Your goal
Retype the lines below exactly, but only those from the line that has "Blue Trending Heavy" through the line that has "Hearst Museum object". Omit every picture.

Available records
*** Begin section ***
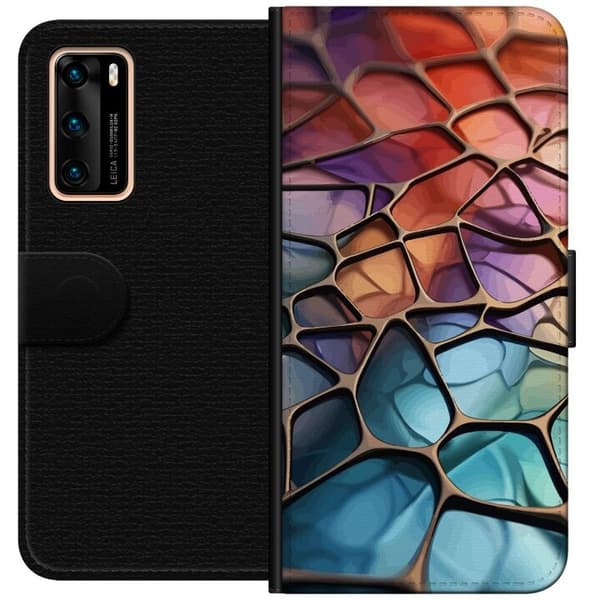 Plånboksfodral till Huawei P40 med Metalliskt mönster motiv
*** End section ***
*** Begin section ***
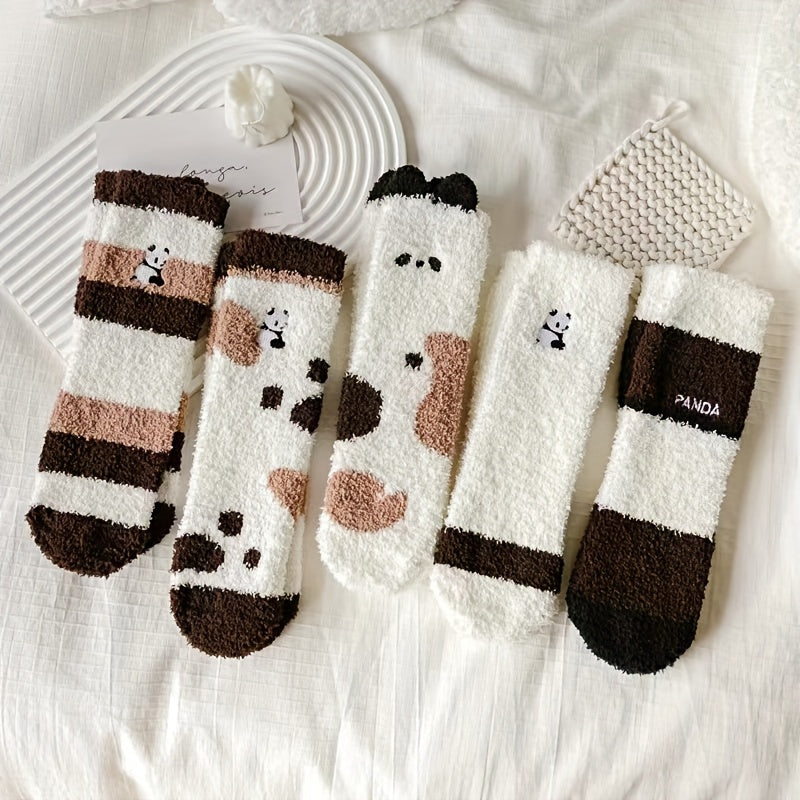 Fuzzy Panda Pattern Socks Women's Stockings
*** End section ***
*** Begin section ***
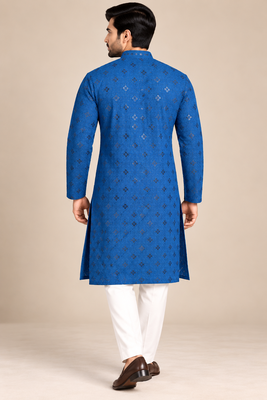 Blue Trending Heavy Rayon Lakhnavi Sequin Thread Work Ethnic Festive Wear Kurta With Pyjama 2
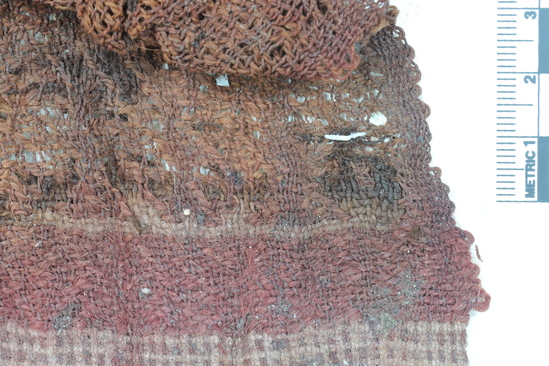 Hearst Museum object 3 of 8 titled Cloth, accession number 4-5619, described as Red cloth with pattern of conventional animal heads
*** End section ***
Answer space
 Blue Trending Heavy Rayon Lakhnavi Sequin Thread Work Ethnic Festive Wear Kurta With Pyjama 2
 Hearst Museum object 3 of 8 titled Cloth, accession number 4-5619, described as Red cloth with pattern of conventional animal heads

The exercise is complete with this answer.